Though the size of the business available to tap in India may not be the biggest when you compare it with the rest of the world, what interests IBM Corp is “the rate of growth,” he adds.
Managing Mantra
TO get an idea of the scale and ambition IBM brings to India, check this: The most crucial turning point for IBM in India came 12 years after the local launch of its PC business, in April 2004. That month, IBM announced that it had bought out Indian BPO unit Daksh e-Services (for anything between $130 million and $180 million, according to industry estimates).
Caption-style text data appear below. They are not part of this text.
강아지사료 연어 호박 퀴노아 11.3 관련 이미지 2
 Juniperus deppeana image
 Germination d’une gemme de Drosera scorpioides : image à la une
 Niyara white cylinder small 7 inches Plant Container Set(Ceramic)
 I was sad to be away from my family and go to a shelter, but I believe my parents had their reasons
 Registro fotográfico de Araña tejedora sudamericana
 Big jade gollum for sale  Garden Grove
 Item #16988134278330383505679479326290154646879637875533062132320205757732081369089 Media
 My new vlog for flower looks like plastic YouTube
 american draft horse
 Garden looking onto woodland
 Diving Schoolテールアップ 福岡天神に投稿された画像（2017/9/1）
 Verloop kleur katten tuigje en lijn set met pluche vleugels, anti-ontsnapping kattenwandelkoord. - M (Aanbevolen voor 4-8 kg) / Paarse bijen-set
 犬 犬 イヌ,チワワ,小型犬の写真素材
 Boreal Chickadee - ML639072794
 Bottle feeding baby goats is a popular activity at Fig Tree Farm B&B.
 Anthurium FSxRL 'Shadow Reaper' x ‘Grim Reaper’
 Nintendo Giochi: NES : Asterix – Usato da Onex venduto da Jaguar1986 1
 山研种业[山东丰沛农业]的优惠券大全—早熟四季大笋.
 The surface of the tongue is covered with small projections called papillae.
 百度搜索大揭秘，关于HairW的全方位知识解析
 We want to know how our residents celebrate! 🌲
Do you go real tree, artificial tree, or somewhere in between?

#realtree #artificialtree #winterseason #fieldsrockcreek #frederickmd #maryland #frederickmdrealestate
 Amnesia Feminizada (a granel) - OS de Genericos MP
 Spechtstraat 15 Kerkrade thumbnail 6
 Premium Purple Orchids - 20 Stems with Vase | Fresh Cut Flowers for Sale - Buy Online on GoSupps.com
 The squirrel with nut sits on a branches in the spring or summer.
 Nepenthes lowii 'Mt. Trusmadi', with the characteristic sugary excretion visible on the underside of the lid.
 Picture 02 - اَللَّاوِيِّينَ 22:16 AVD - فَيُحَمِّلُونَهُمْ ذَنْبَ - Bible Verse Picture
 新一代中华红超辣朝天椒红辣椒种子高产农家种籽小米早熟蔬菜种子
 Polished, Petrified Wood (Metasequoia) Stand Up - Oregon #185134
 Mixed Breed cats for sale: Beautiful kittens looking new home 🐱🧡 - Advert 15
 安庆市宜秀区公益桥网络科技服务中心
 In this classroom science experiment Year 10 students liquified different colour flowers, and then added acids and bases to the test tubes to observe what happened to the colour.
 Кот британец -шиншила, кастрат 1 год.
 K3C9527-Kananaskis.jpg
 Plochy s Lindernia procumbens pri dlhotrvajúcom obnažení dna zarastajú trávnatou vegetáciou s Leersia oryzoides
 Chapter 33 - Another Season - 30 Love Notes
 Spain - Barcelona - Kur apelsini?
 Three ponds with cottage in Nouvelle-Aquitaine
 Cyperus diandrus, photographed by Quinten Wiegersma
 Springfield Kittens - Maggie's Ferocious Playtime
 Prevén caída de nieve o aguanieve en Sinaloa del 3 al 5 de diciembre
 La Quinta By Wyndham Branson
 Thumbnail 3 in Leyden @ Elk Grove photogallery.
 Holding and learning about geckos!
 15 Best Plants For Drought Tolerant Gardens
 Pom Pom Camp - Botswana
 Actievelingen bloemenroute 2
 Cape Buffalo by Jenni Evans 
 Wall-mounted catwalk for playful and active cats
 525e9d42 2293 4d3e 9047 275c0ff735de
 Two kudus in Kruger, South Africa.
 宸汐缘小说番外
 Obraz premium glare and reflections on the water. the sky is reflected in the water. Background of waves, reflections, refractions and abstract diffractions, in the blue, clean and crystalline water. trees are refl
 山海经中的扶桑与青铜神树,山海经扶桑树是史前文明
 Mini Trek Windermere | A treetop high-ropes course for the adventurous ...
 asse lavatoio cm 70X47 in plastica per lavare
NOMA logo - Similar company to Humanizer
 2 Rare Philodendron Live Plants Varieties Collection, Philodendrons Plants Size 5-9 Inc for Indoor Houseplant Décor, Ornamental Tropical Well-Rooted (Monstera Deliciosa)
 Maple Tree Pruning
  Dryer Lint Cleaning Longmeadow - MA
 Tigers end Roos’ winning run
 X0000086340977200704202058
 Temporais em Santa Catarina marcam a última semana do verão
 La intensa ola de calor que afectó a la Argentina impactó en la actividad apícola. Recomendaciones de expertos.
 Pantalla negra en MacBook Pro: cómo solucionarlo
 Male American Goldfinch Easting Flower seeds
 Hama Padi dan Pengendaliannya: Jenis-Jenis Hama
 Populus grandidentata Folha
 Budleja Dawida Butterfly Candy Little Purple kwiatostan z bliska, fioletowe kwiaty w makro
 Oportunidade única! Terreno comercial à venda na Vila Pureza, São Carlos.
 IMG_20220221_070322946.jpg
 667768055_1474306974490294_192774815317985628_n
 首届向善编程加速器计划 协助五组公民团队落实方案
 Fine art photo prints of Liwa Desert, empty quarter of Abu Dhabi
At the time, IBM was a $90 billion-revenue firm, while homegrown Infosys was clambering up to its $1 billion revenue mark.
But just before it bagged Daksh, IBM had already struck a deal with Sprint, a US-based company that was one of Daksh’s two biggest breadwinners. In a way that Indian companies could not then imagine, IBM had captured not only the rights to support all of Sprint’s customer service processes, but also run its call centres: The one headquartered in the US, of course, but also the one in India.
... contd.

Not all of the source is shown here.